Oil Price Spiral Causes Jitters But No Dip in the Gulf’s Growing Art Market
Colonel Sanders might have chuckled when images of his $28.75 bucket of finger lickin’ good fried chicken placed next to a $27.51 barrel of crude oil went viral last month. Not so businesspeople in the Gulf region, however, among whom art market players could be counted. These are critical times for the economies in the Middle East and North Africa, which are dependent on oil export, with prices the lowest they’ve been in 15 years. And the drop in oil prices comes just as the Gulf’s art market has truly begun to hit its stride. The question is, will economic woes cause it to trip?
Mohammed and Ahmed Mater’s Evolution of Man (2010). Courtesy of Athr Art.
“As an art market, it’s the first time we go through an oil price decline and its accompanying economic challenges,” says Mohammed Hafiz of Jeddah’s Athr, one of Saudi’s most progressive art spaces. While some have been quick to note that this price level isn’t new to the region and its art market—in December 2001, the price of a barrel of oil stood at $25.88—15 years ago, the art scene here was not half as robust and active as it is today.
In 2001, Art Dubai did not exist. Christie’s had yet to start auctions in the emirate. And Jeddah hadn’t conceived of the 21,39 annual cultural initiative. Both Art Dubai and 21,39 will take place in the coming weeks—as will a Christie’s sale to celebrate its 250th anniversary worldwide and its 10th in the UAE. All will provide better indications of the regional art market’s health—and which of its proverbial organs are destined for long life.
Many sources point to modern Arab art as the soundest acquisition to make at the moment—at least from an investment perspective. Christie’s has a star-studded line-up of seminal modern Arab works set out for its sale to test the theory. Art Dubai celebrates a decade in operation and will, again, present the fruits of its ongoing exercise to feature greater curatorial control and qualitative standards over the wares of its participating galleries. Fair director Antonia Carver says they have already begun receiving inquiries about the works that Art Dubai’s Modern section will present, owing to the fact that “many Middle Eastern and South Asian modern artists are such solid and sought-after investments.” Carver adds, “Collectors may trust such an acquisition more at this time,” one of economic instability.

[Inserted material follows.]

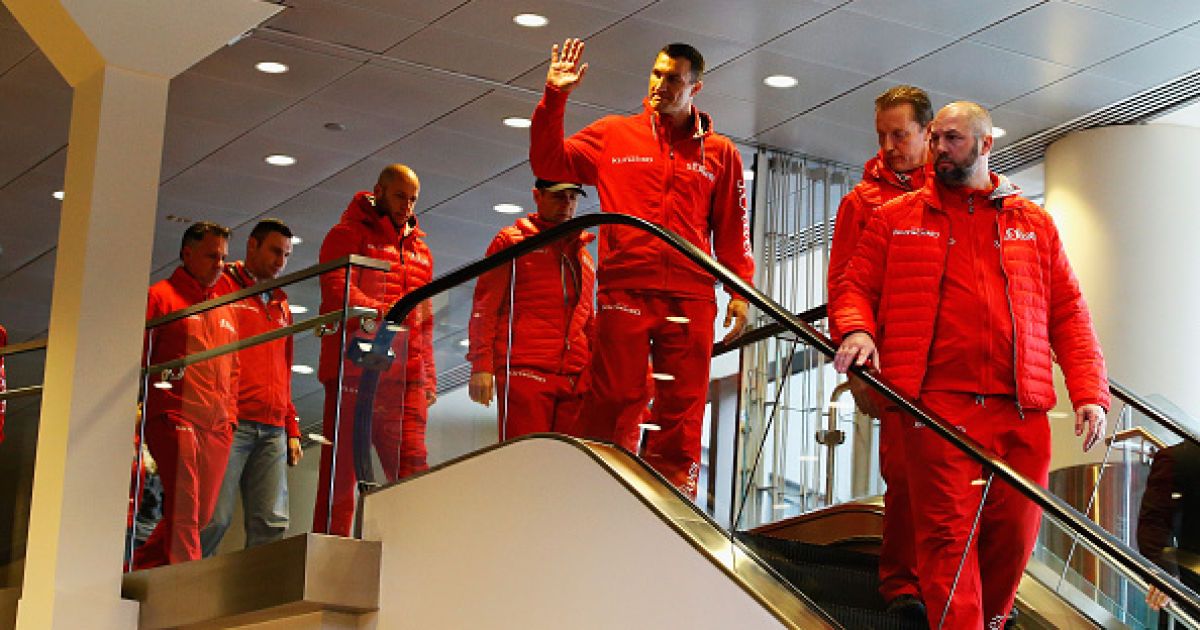 Кличко - Дженнингс. Взвешивание / © Getty Images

Others, like Alexander Heller of Leila Heller Gallery, are advising collectors to stick to blue-chip works in these times of austerity. The New York-based gallery opened a Dubai outpost last November as part of a significant expansion of the Alserkal Avenue gallery district, which debuted in 2007. Perhaps the largest commercial gallery in the Middle East and North Africa, Heller’s space opened with shows for Ghada Amer and Wim Delvoye (both firsts for the region).
At the time, the price of oil had been on a swift decline since June and stood at $41.55. Fellow dealers who had been holding their breath about what the downturn might mean for their market, considered presenting works in Amer and Delvoy’s price-range risky. And yet Heller sold nine works by Amer for between $45,000–$150,000, all to private collectors from Lebanon, India, the UAE, and Kuwait as well as one piece to a Gulf-based institution; works by Delvoye sold for between €90,000 and €320,000. “This says that the high-end market is healthy,” says Heller, who has just opened a show of Zaha Hadid designs with works priced from as low as $6,000 to as high as $350,000. (At the time of writing, the gallery had not sold pieces for more than €30,000.)

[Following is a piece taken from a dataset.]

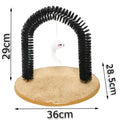 Rascador de percha para gatos – Vista detalle del producto – NQLN Store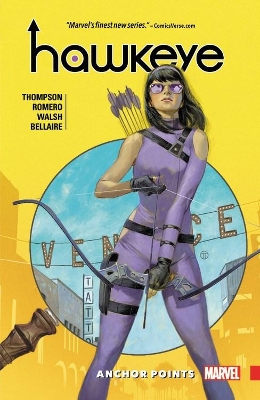 HAWKEYE : KATE BISHOP Vol. 1 - ANCHOR POINTS Paperback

Shiva Ahmadi, Oil Barrel 23 and Oil Barrel 22 (2014). Courtesy of Leila Heller Gallery.
These are indeed cautious times, but “cautious” is a relative term. “Particularly choice works may prove to defy gravity on the top end,” says Ranya Husami Ghandour, a Dubai-based art consultant at Ruth/Catone. “The middle range, where there tends to be the most oversupply, is usually the first to crack under pressure. Additionally, artists with local name recognition but no real international currency (in terms of either international institutional support or private collectorship) will also suffer.”
Is it a buyer’s market? Omar Ghobash, UAE Ambassador in Russia and co-founder of Dubai’s The Third Line, believes so. “I will keep my eye open for pieces that are being sold at a discount by galleries suffering from weakening demand,” he says. “The important issue is for both galleries and artists to be as lean and innovative as possible to get through what is likely to be an extended rough patch.”

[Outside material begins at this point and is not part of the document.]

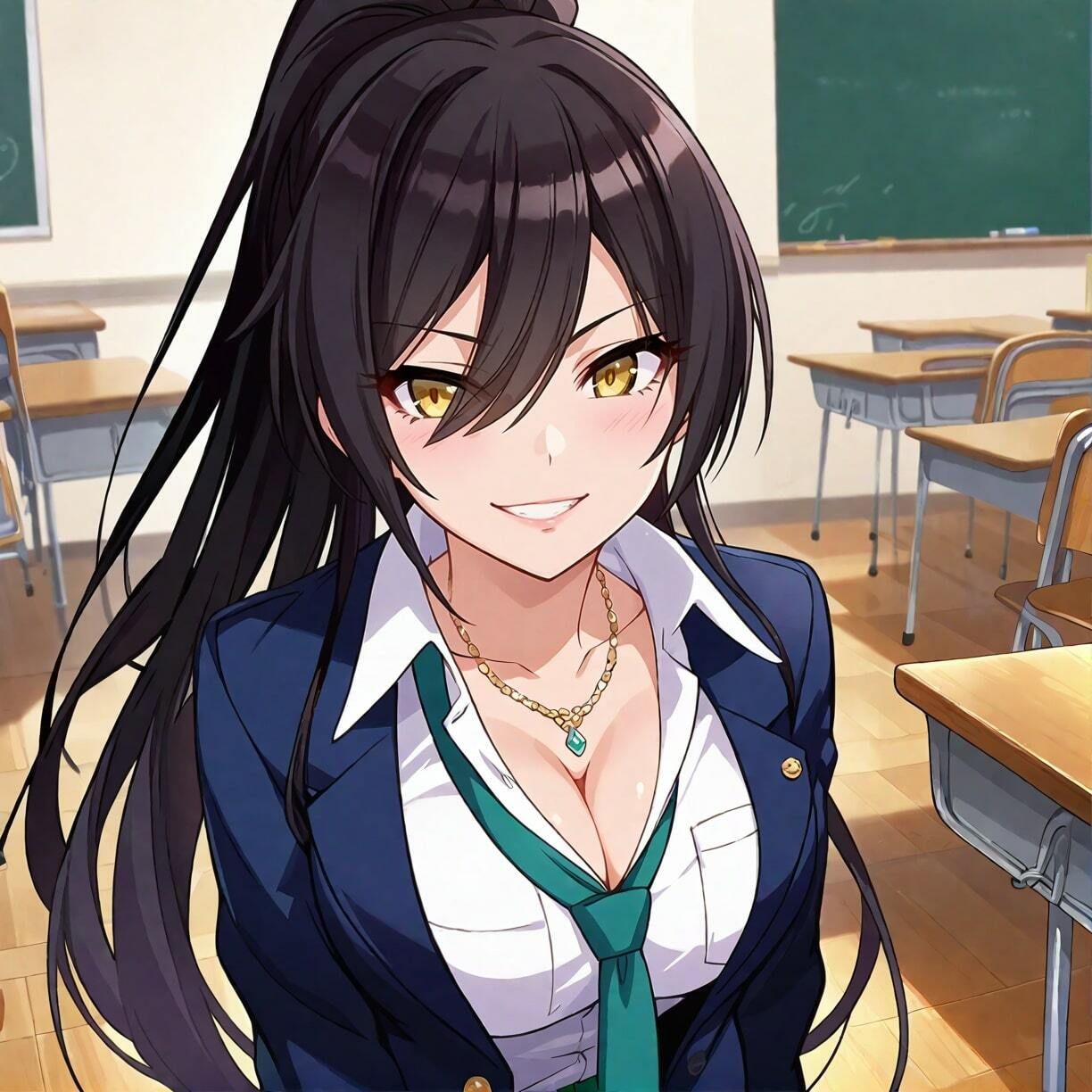 俺の咲〇 〜肉便器NO.7 白瀬咲〇 ドスケベボディの王子様系J〇アイドル〜 サンプル1ページ目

Hafiz, Heller, and Carver, however, do not believe that galleries should or will drop their prices, all citing the livelihoods and careers of artists. Perhaps there is room to maneuver in the secondary market. But, in Hafiz’s words: “We’re not going to go on sale like Harrods. That way, we’d kill our artists and their credibility and their work is then reduced to being handbags. We sell time, credibility, creativity and capability.”
Hafiz’s confidence is not without merit. While this is the Middle Eastern art market’s first major oil price challenge, its territories are familiar with weathering out turmoil. And, over the years, through various conflicts in different parts of the Middle East and North Africa, the art market has continued to thrive.